== Records for this exercise ==
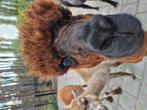 Lieve alpaca hengst danny van 2022, Dieren en Toebehoren, Juni, Mannelijk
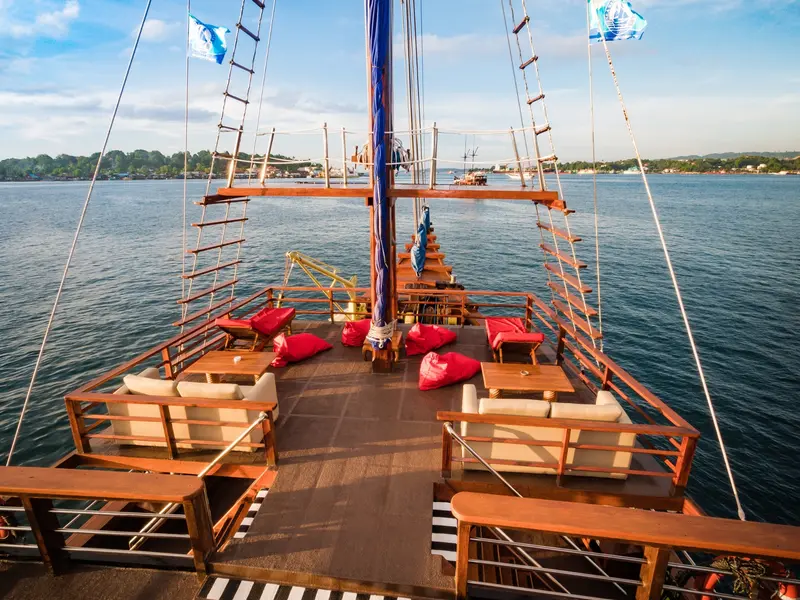 Sea Safari 6
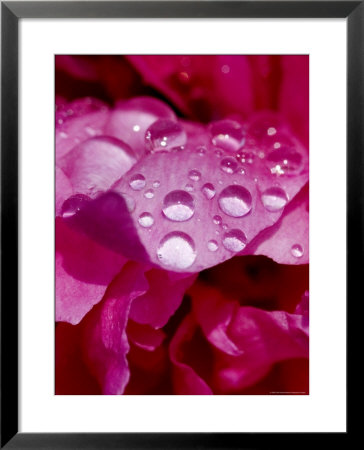 Close View Of Droplets Of Water On A Pink Peony Bloom, Groton, Connecticut by Todd Gipstein Pricing Limited Edition Print image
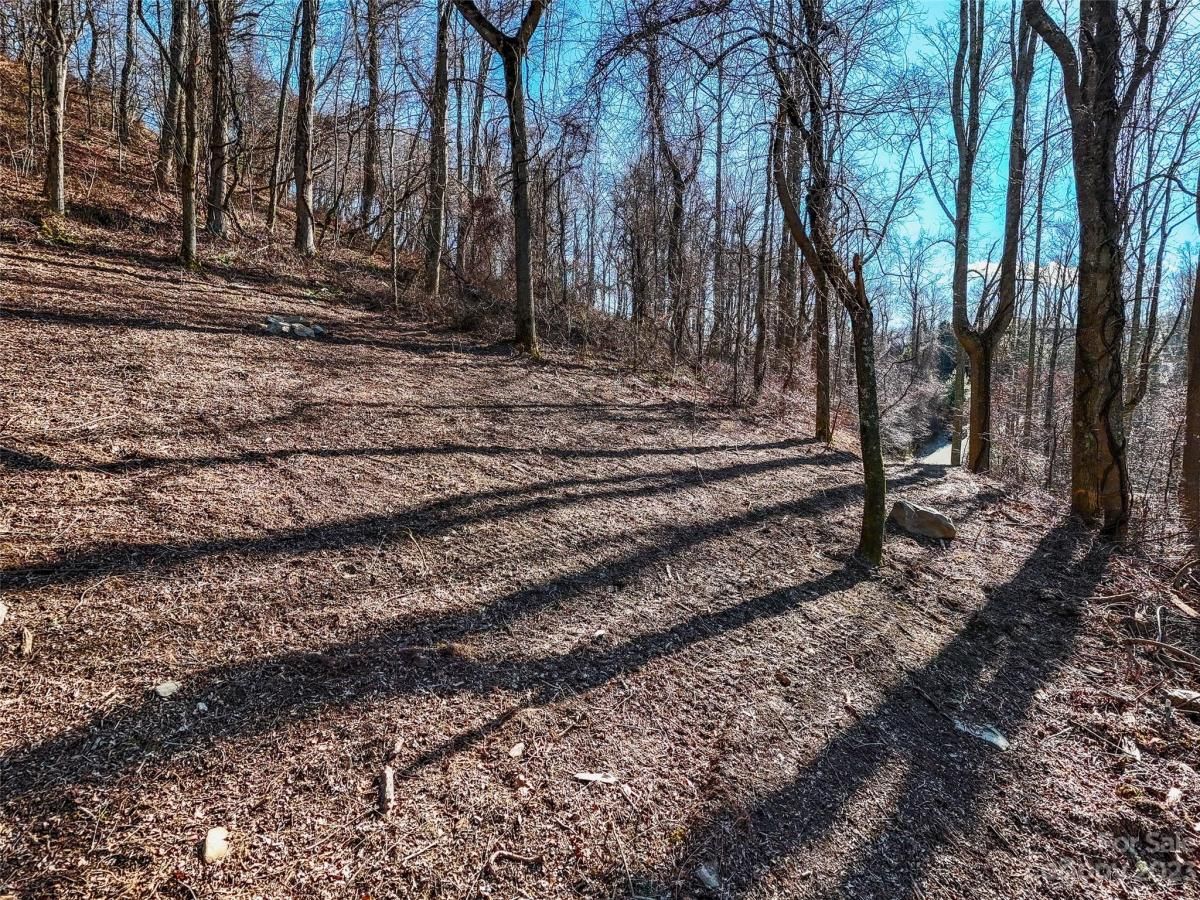 MLS #CAR4102275 image #7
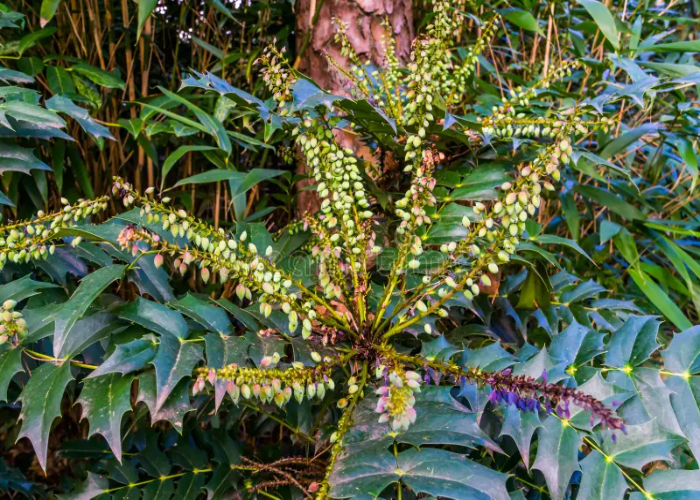 Oregon Grape Hybrid .jpg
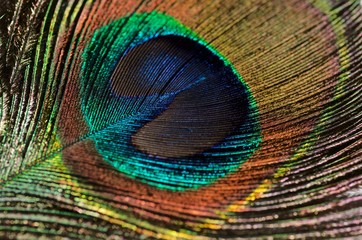 Fototapeta premium Peafowl Feather
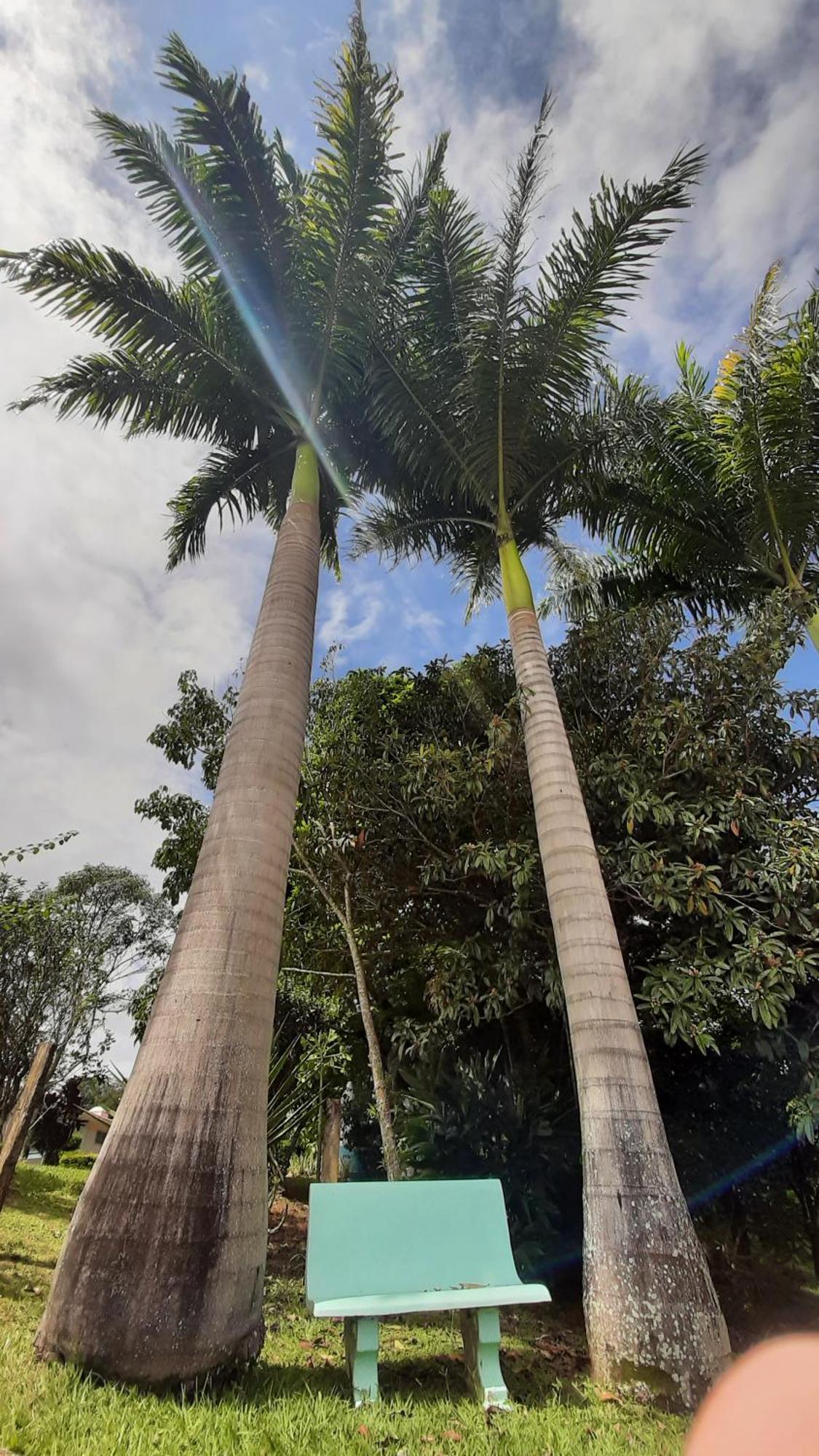Estalagem Chácara São José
===
- [Prompt]
The data above must be given back verbatim, minus its images.

- [Expected answer]
 Lieve alpaca hengst danny van 2022, Dieren en Toebehoren, Juni, Mannelijk
 Sea Safari 6
 Close View Of Droplets Of Water On A Pink Peony Bloom, Groton, Connecticut by Todd Gipstein Pricing Limited Edition Print image
 MLS #CAR4102275 image #7
 Oregon Grape Hybrid .jpg
 Fototapeta premium Peafowl Feather
Estalagem Chácara São José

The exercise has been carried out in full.